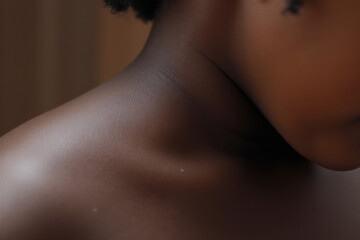 close up of child neck showing smooth skin and natural beauty, highlighting acanthosis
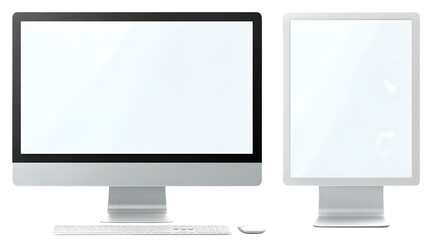 Fototapeta premium desktop computer with dual monitor setup, minimalist style, transparent background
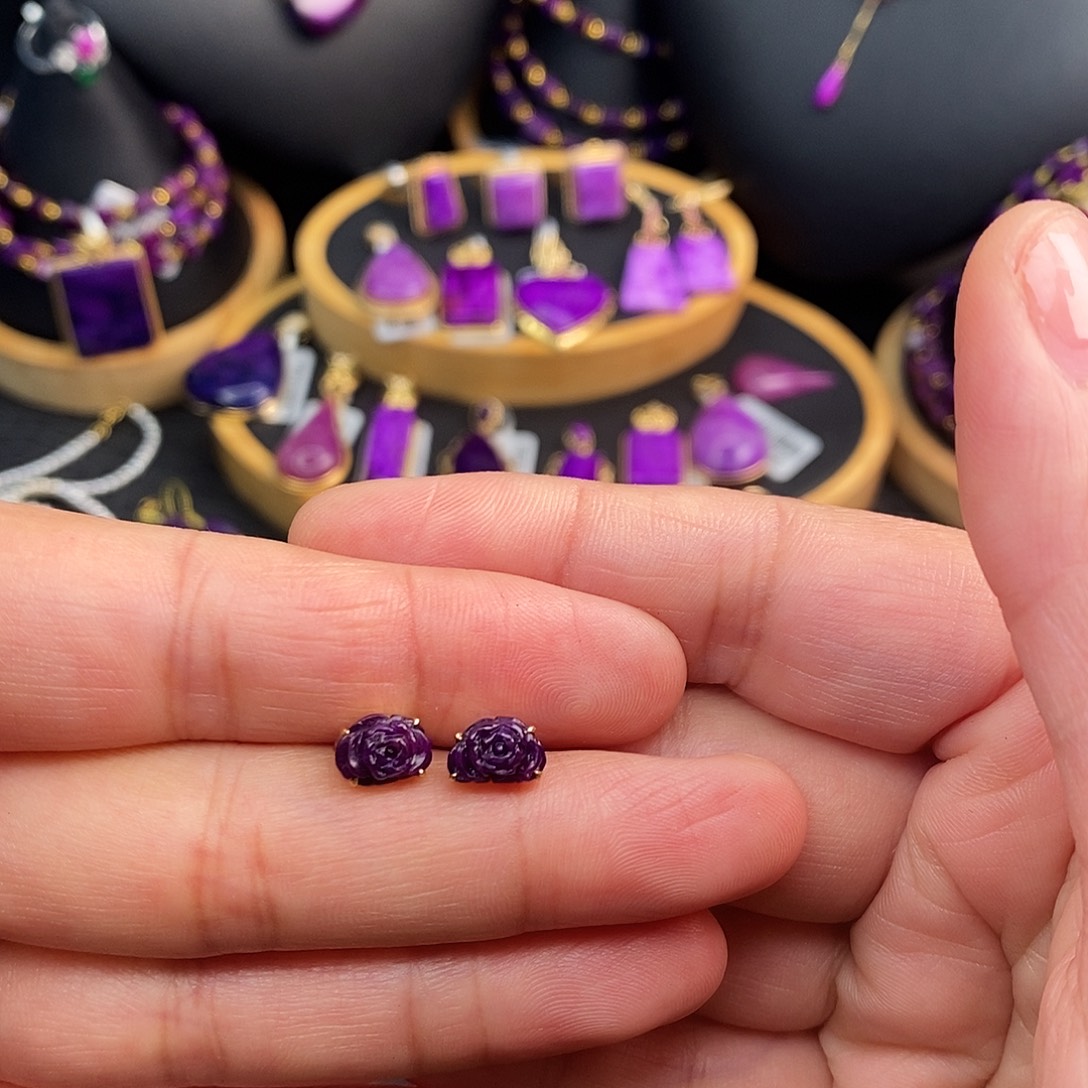 苏纪石（舒俱来）18K金镶嵌耳饰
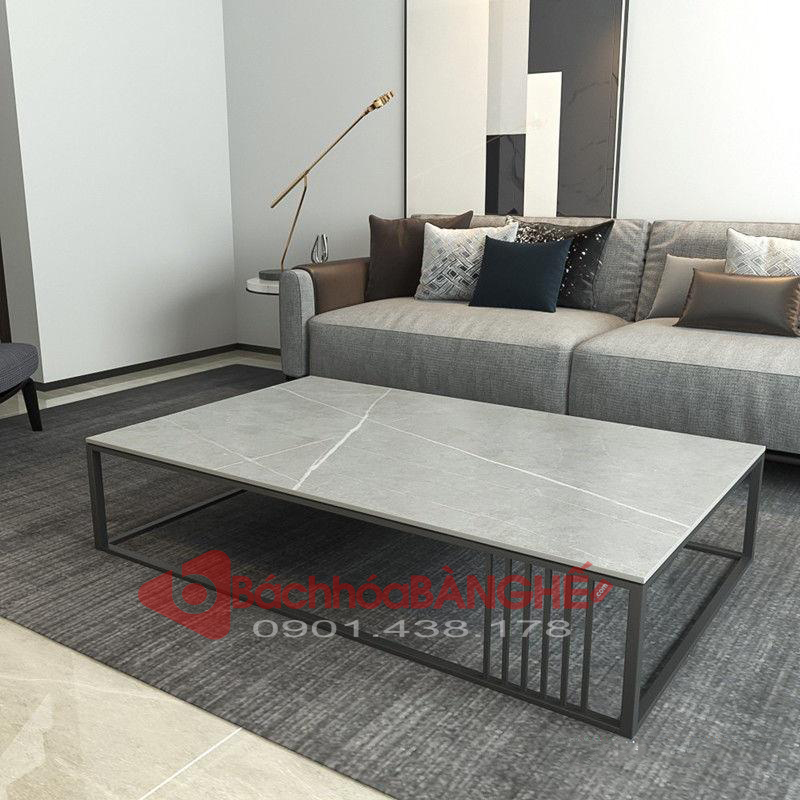Bàn sofa chữ nhật 1m2 1m4 mặt đá khung thép BM20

--- Required action ---
All of the material above should be copied exactly, minus the pictures.

--- Exercise solution ---
 close up of child neck showing smooth skin and natural beauty, highlighting acanthosis
 Fototapeta premium desktop computer with dual monitor setup, minimalist style, transparent background
 苏纪石（舒俱来）18K金镶嵌耳饰
Bàn sofa chữ nhật 1m2 1m4 mặt đá khung thép BM20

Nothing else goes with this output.